This infection can cause serious changes in the fetus: microcephaly, hepatosplenomegaly, thrombocytopenia, prolonged jaundice, and less commonly, hearing loss, mental retardation, etc. In this situation, the fetus may experience viral interstitial pneumonitis, retinitis, encephalitis, and gastrointestinal diseases.

With earlier infection with CMV, malformations of the gastrointestinal tract may occur. Infection of the fetus during primary infection in all cases occurs in the absence of specific IgG antibodies in the pregnant woman, which is the cause of severe damage to the fetus.
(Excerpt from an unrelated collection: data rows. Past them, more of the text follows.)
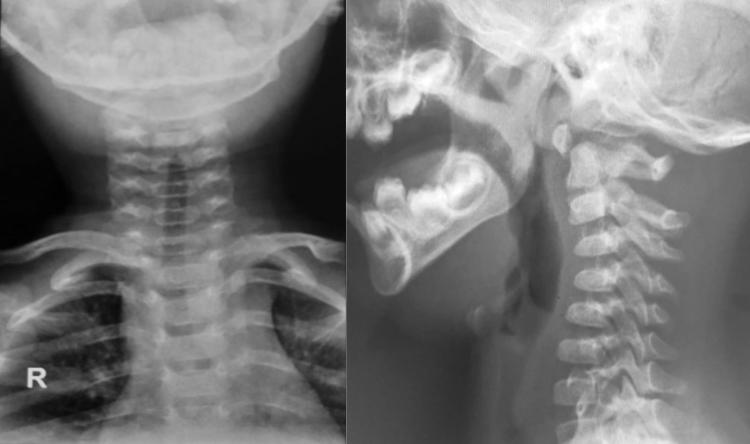 Imagen Espondilolisis cervical de C2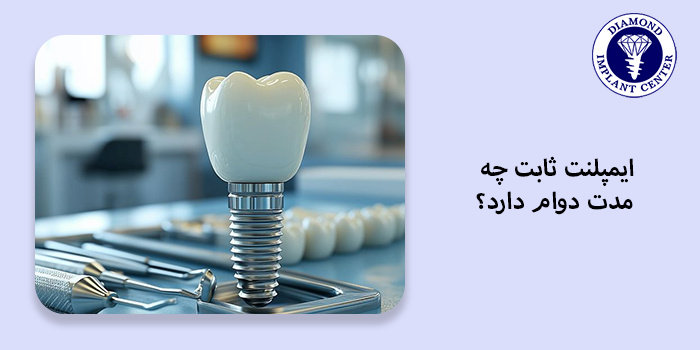 ایمپلنت ثابت چقدر دوام دارد؟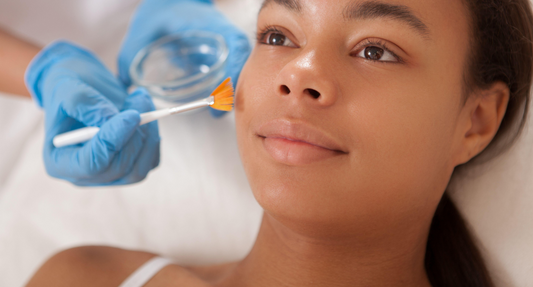 Still Avoiding Peels on Fitz IV–VI Skin? Read This First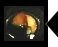 大腸ポリープ切除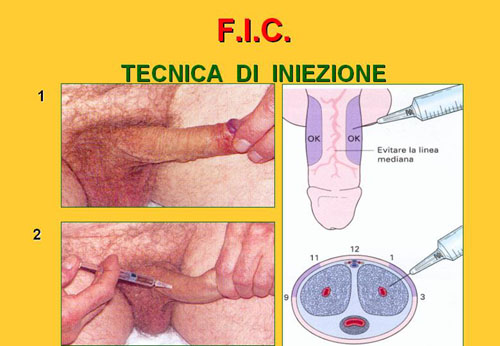 Trattamenti di 2° livello — Disfunzione erettile
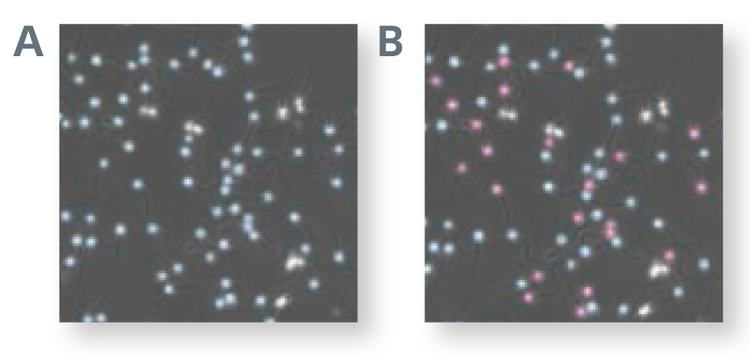 Easily detect markers of arrhythmia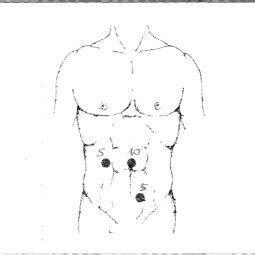 Position of the trocars in laparoscopic appendectomy. | Download ...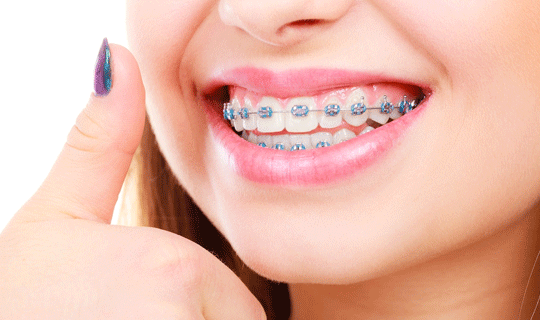 فواید شگفت انگیز ارتودنسی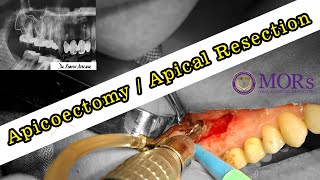 APICOECTOMY  Apical Resection  Root Canal Surgery [upl. by Aeirdna812]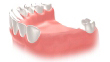 Poză implant dentar mai multi dinti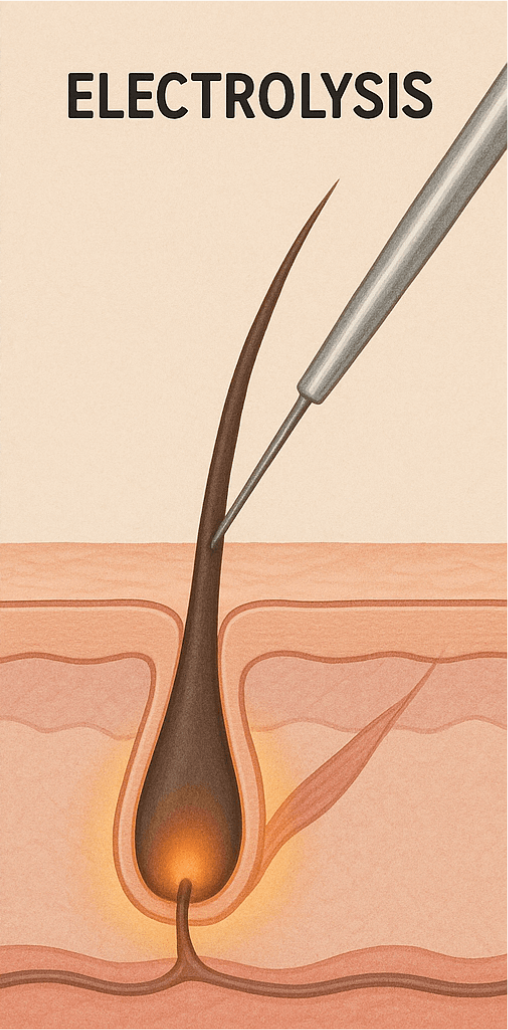 Illustration showing electrolysis process. A needle is inserted into a hair follicle to destroy the hair root.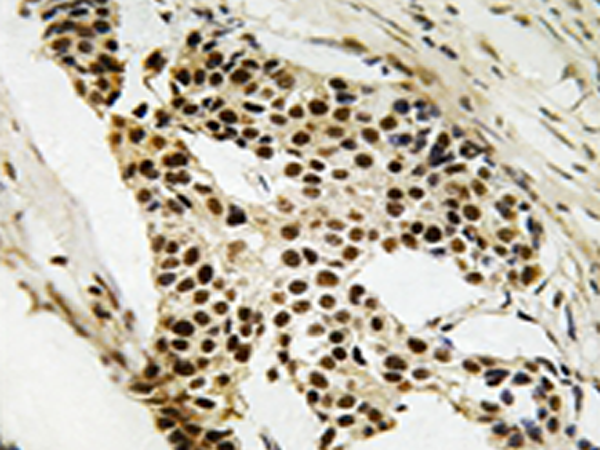 兔抗MAPKAPK2(Ab-272) 多克隆抗体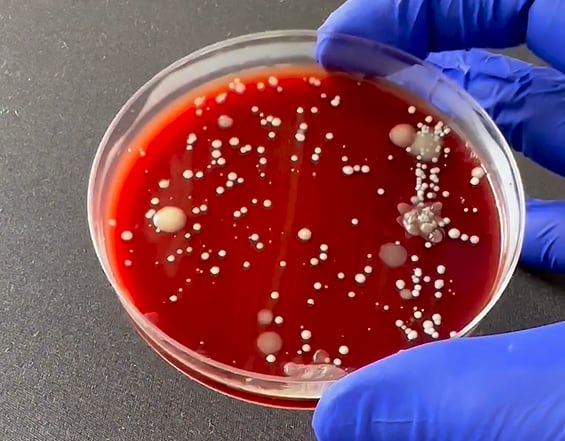 El vídeo muestra las bacterias de un móvil sin higienizar.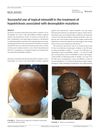 Successful use of topical minoxidil in the treatment of hypotrichosis associated with desmoplakin mutations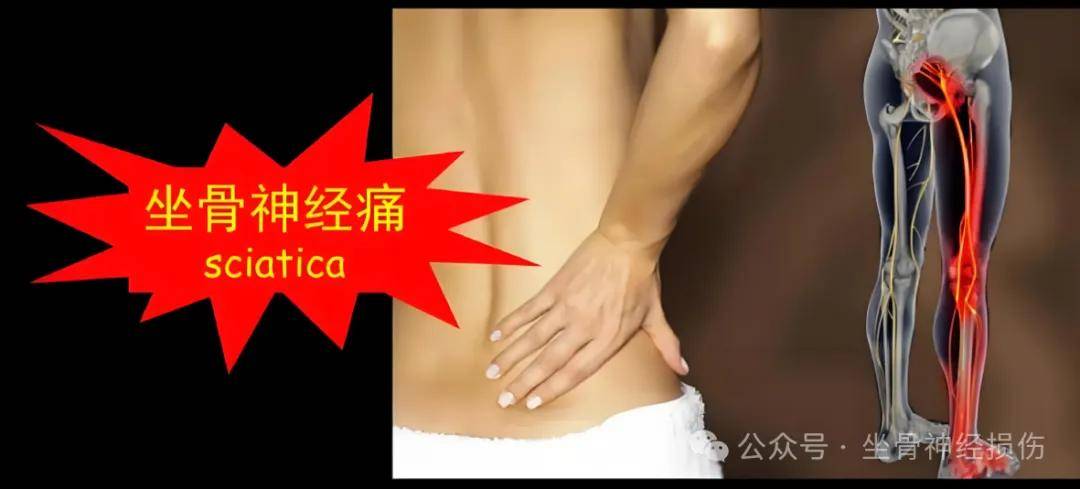 揭秘坐骨神经痛的多样“痛点”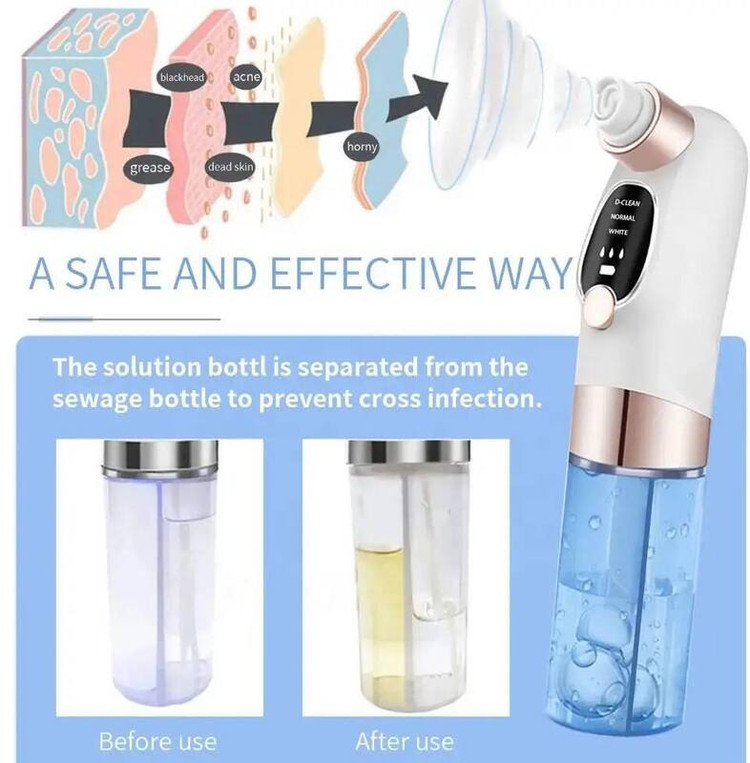 میکرودرم آبریژن اسکوم دار micro bubble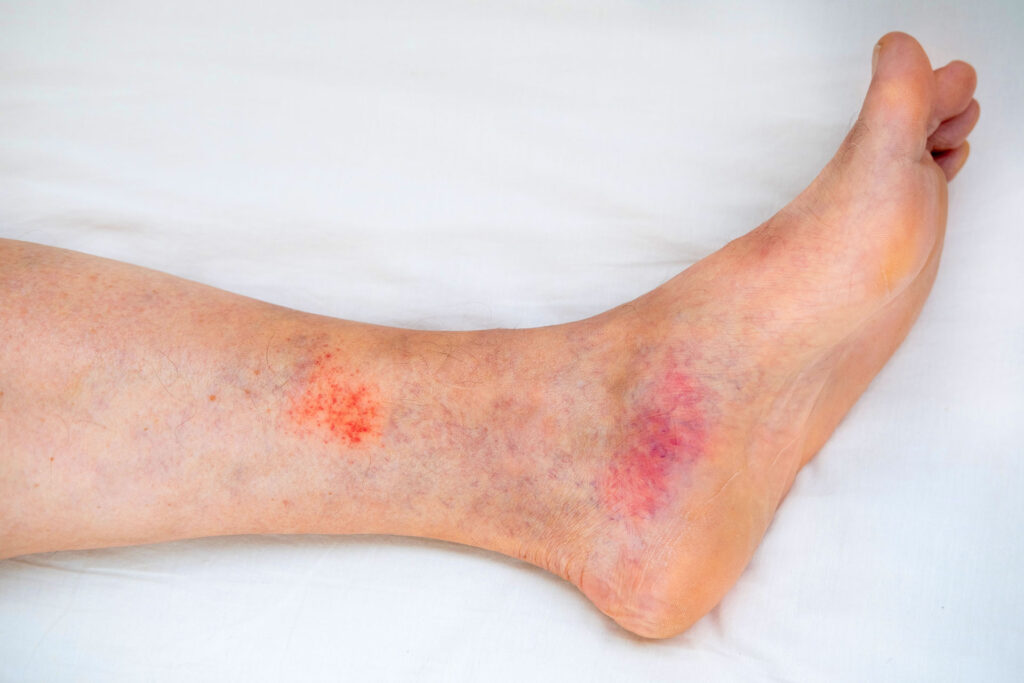 Close-up ankle showing bruising and skin discoloration from treatment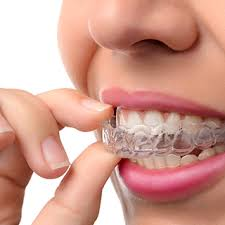 <p>Passive</p><p>Removable</p><p>Invisalign</p>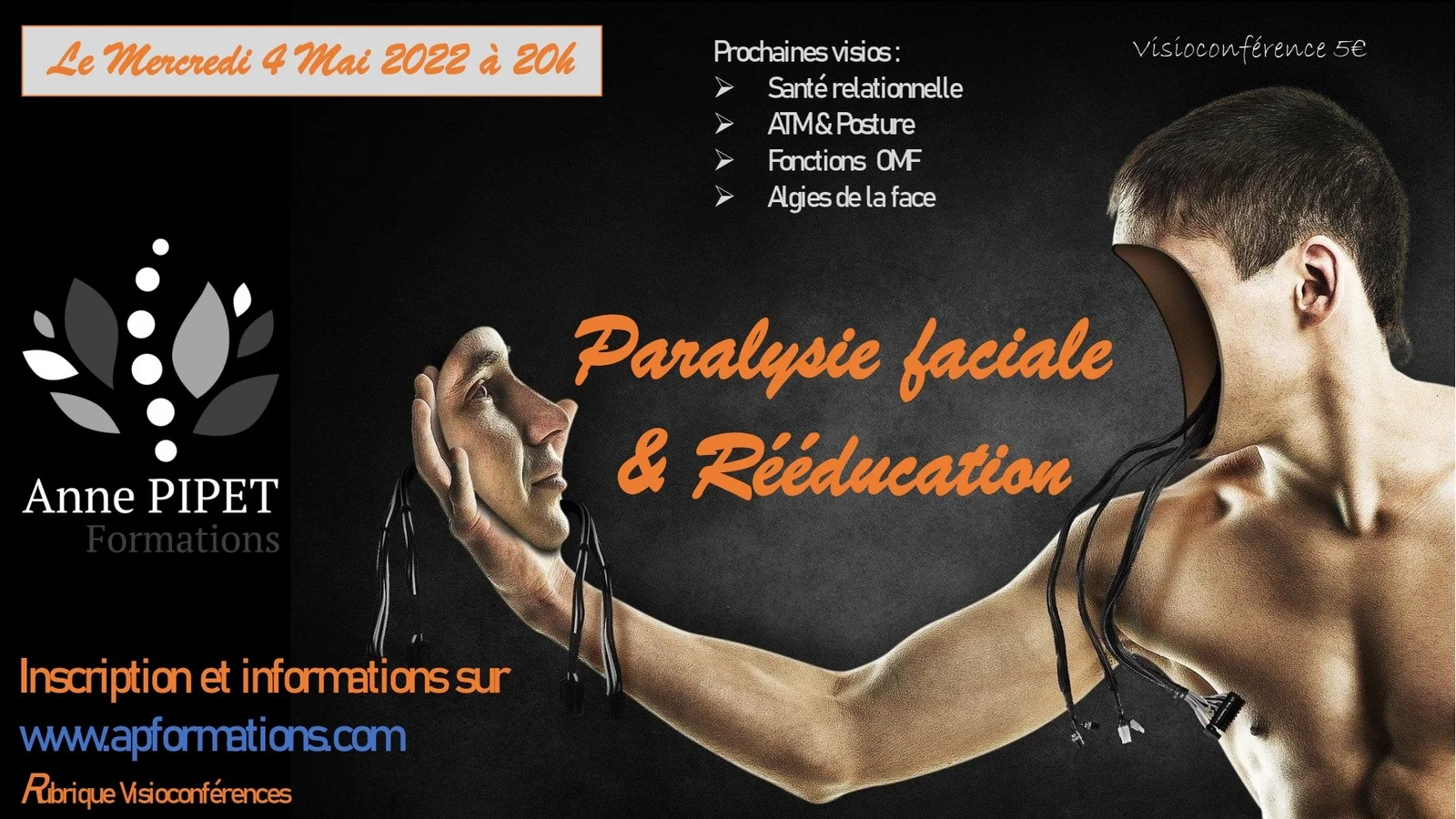 Visioconférence Paralysie Faciale périphérique le 04 Mai 2022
Pregnant women are often infected with the primary form of CMV through orogenital contact. This form of infection poses the greatest danger to a pregnant woman and fetus, as it develops against the background of a complete absence of specific antibodies.

Reactivation refers to a form of CMV infection that was previously latent and asymptomatic. Reactivation of the virus occurs under the influence of steroid hormone therapy in pregnant women (fetuses), immunocompromised patients (transplant recipients, people with AIDS). Thus, in newborns born to women for whom reproductive technologies were used, as well as in the women themselves, we identified anti-cytomegalovirus IgG antibodies in 100% of cases.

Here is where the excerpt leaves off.